[Start of section]

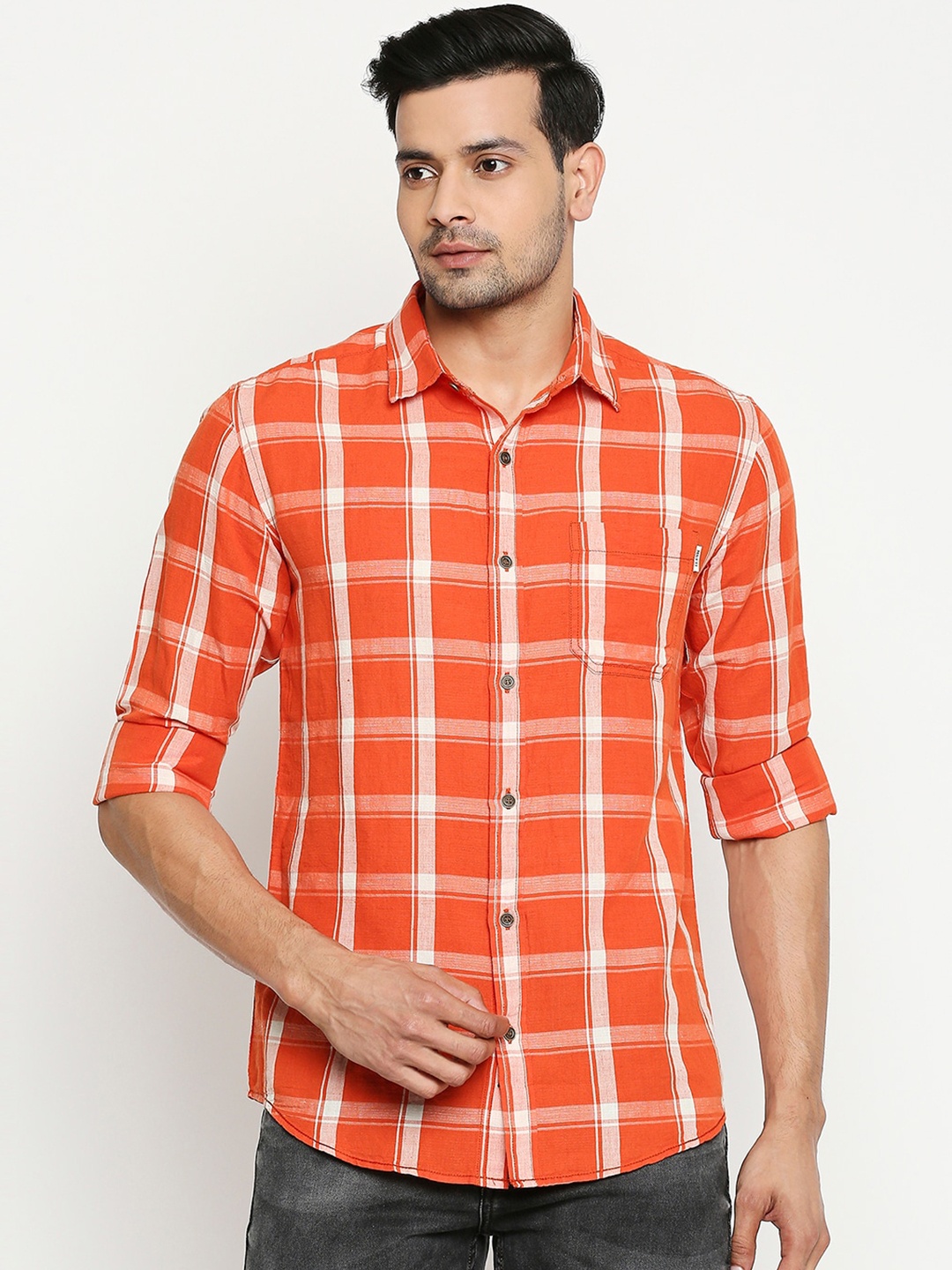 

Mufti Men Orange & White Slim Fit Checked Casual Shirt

[End of section]
[Start of section]

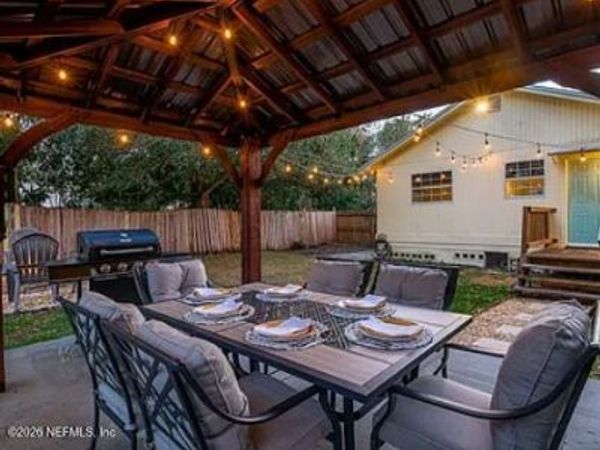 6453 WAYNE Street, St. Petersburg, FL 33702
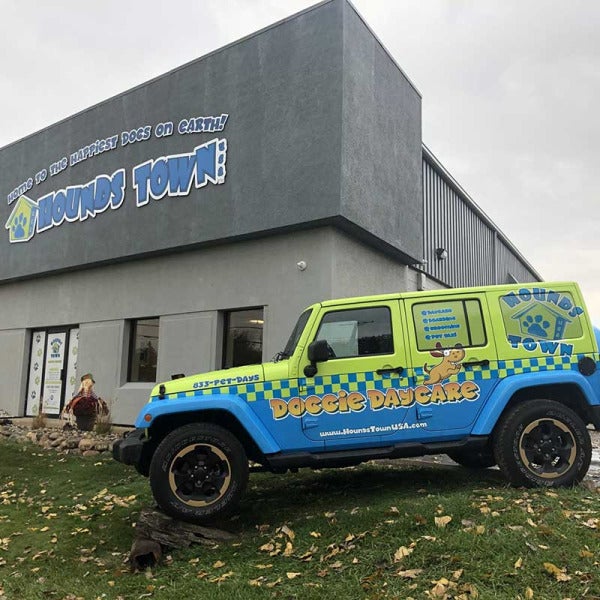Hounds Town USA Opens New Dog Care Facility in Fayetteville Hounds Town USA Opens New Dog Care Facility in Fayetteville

[End of section]
[Start of section]

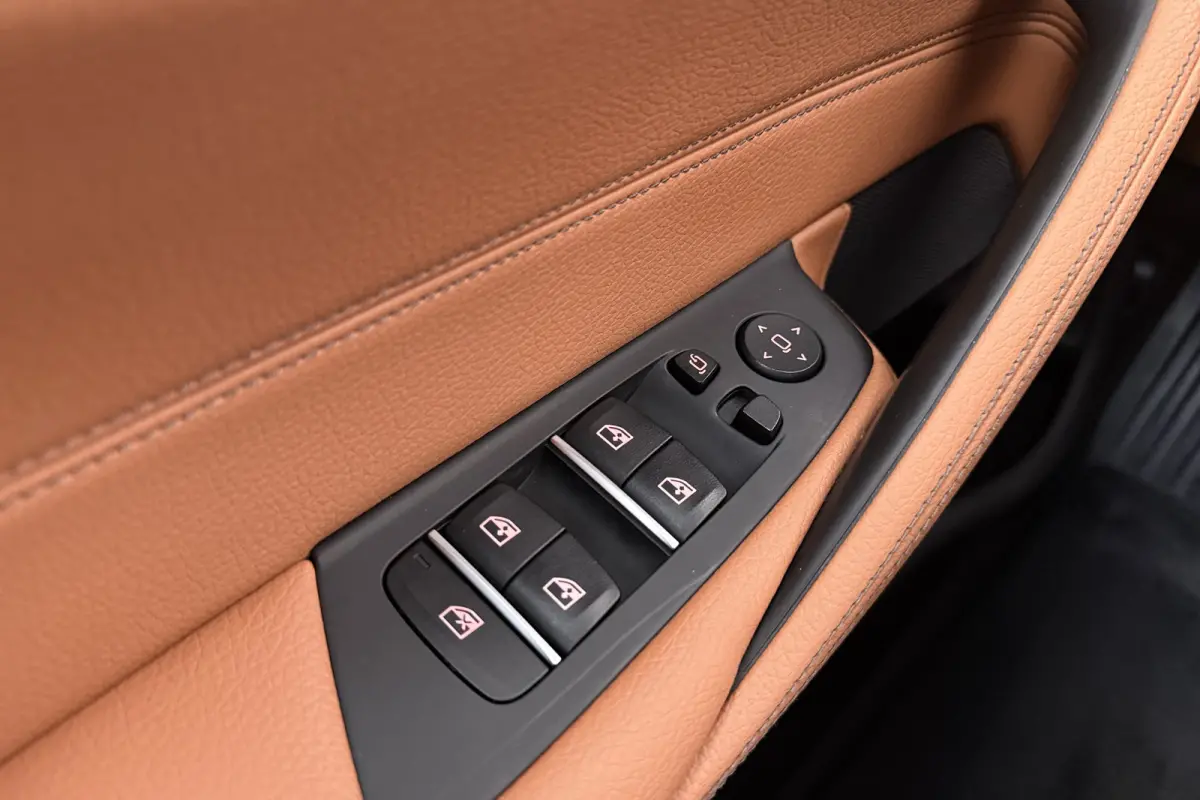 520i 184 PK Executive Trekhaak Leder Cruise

[End of section]

Problem to solve: In the listing above, find the line with "6453 WAYNE Street, St. Petersburg, FL 33702" and the line with "in Fayetteville Hounds". Output both, plus every line between them, and no pictures.

Answer to this exercise:
 6453 WAYNE Street, St. Petersburg, FL 33702
Hounds Town USA Opens New Dog Care Facility in Fayetteville Hounds Town USA Opens New Dog Care Facility in Fayetteville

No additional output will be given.